I have to admit that the blend of safraline and curcuma gives a feminine twist of the whole perfume, but it's enough pleasant to be wore by a man.
The fragrance keeps heady and confortable while the drydown introduces the amber that add a warm twist to the whole formula.
The drydown is dry and bitter.
I realy like this scent, as much of the other Comme des garçons line, simply beacuse I'm a big fan of the company.
I probably have to try twice to get used of the arid, acrid aura that float around you when you wear it .
It decants a little to the feminine side, but who cares really?
I have changed my mind about this fragrance. It's not really happening for me. After the initial spray, well it's hard to detect anything except maybe a weak peppery aroma.

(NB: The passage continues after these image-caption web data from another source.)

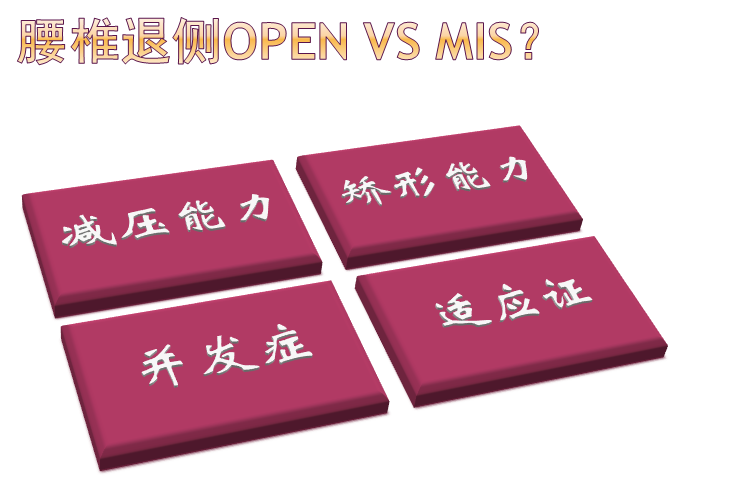 幻灯片8.PNG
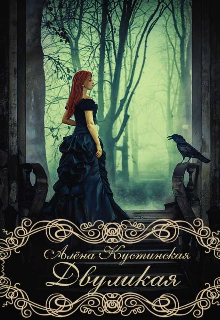 Книга. "Двуликая" читать онлайн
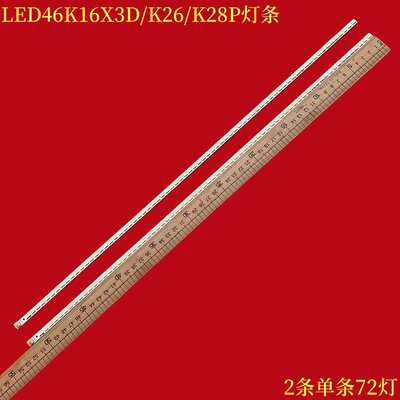 海信LED46K16X3D/K26/K28P灯条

The secret is to wait for hours (it evolves all day) until something really emerges, which is the safraline (basically saffron), coriander and amber, which gives it an incensey feel. The first time I wore it, this was quite strong and heady, but the second time wasn't so. This is CDG's interpretation of what Gold should smell like and there is a metallic note running through it, which I'm not that keen on. Can't thumbs down though because the initial wearing was truly nice. It's a strange one.